Your task: Repeat the data exactly as given below, dropping every picture.

Supplied material:
--- START ---

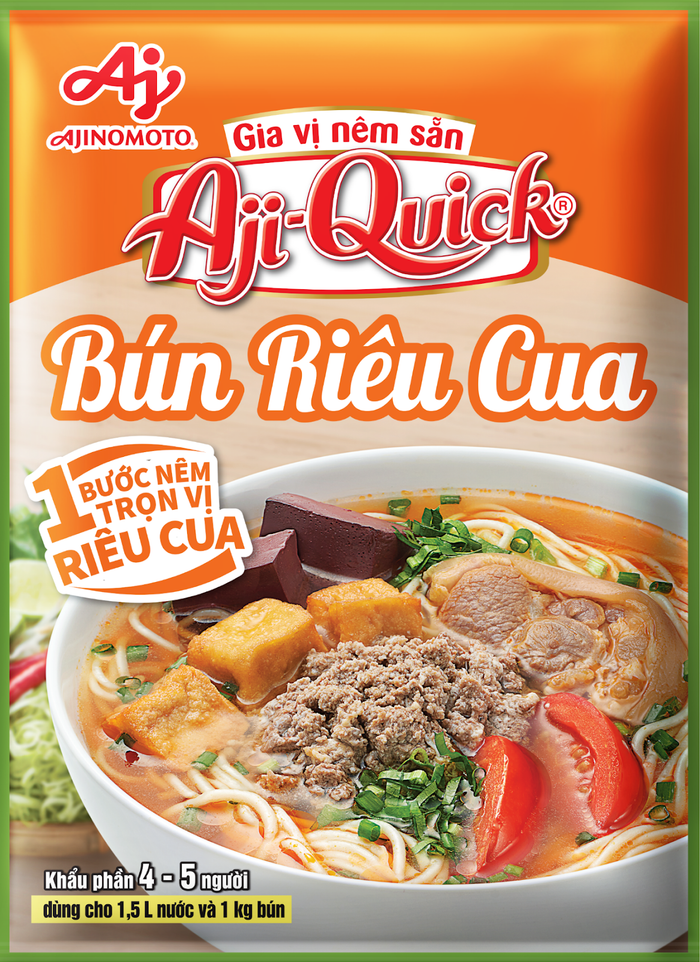 Bao bì sản phẩm Gia vị nêm sẵn Aji-Quick® Bún Riêu Cua của Ajinomoto Việt Nam. Bao bì sản phẩm Gia vị nêm sẵn Aji-Quick® Bún Riêu Cua của Ajinomoto Việt Nam.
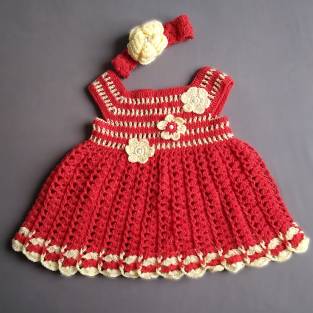 Crochet Babykleid in rot und gelb mit Stirnband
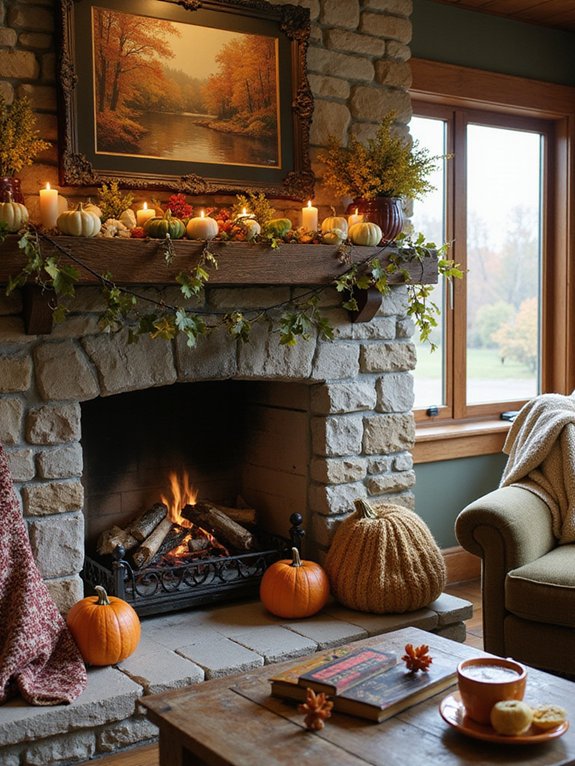 cozy autumn fireplace decorations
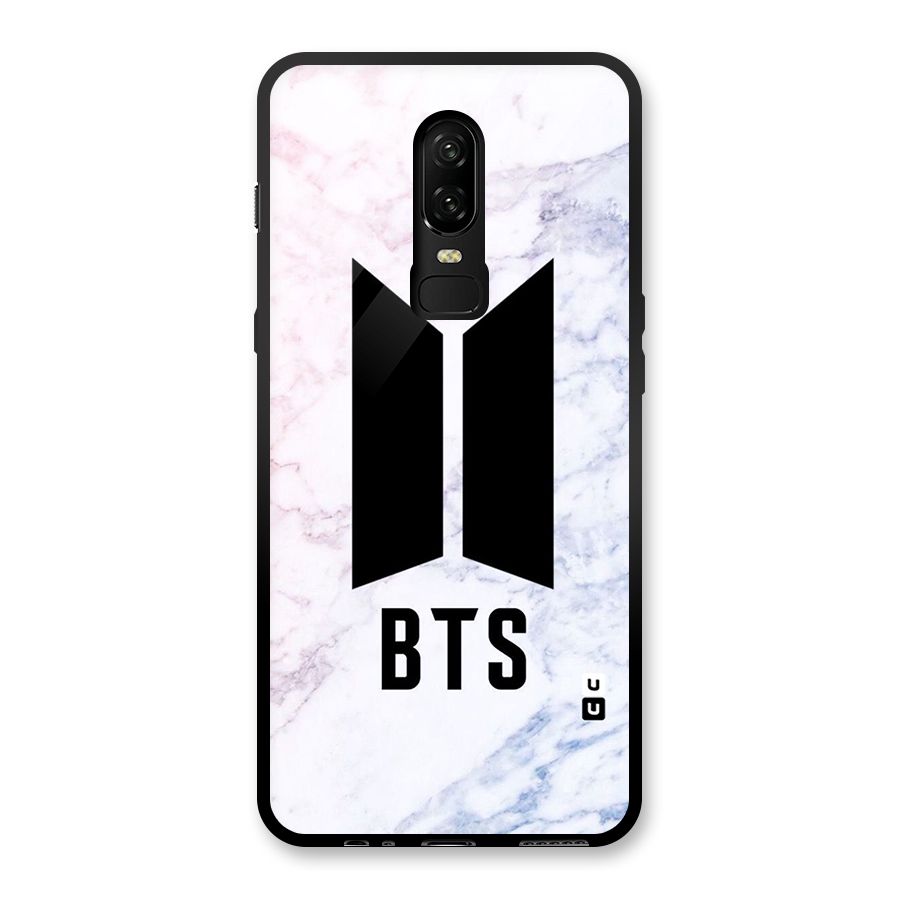 BTS Logo Marble Print Glass Back Case for OnePlus 6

--- END ---

Output:
 Bao bì sản phẩm Gia vị nêm sẵn Aji-Quick® Bún Riêu Cua của Ajinomoto Việt Nam. Bao bì sản phẩm Gia vị nêm sẵn Aji-Quick® Bún Riêu Cua của Ajinomoto Việt Nam.
 Crochet Babykleid in rot und gelb mit Stirnband
 cozy autumn fireplace decorations
 BTS Logo Marble Print Glass Back Case for OnePlus 6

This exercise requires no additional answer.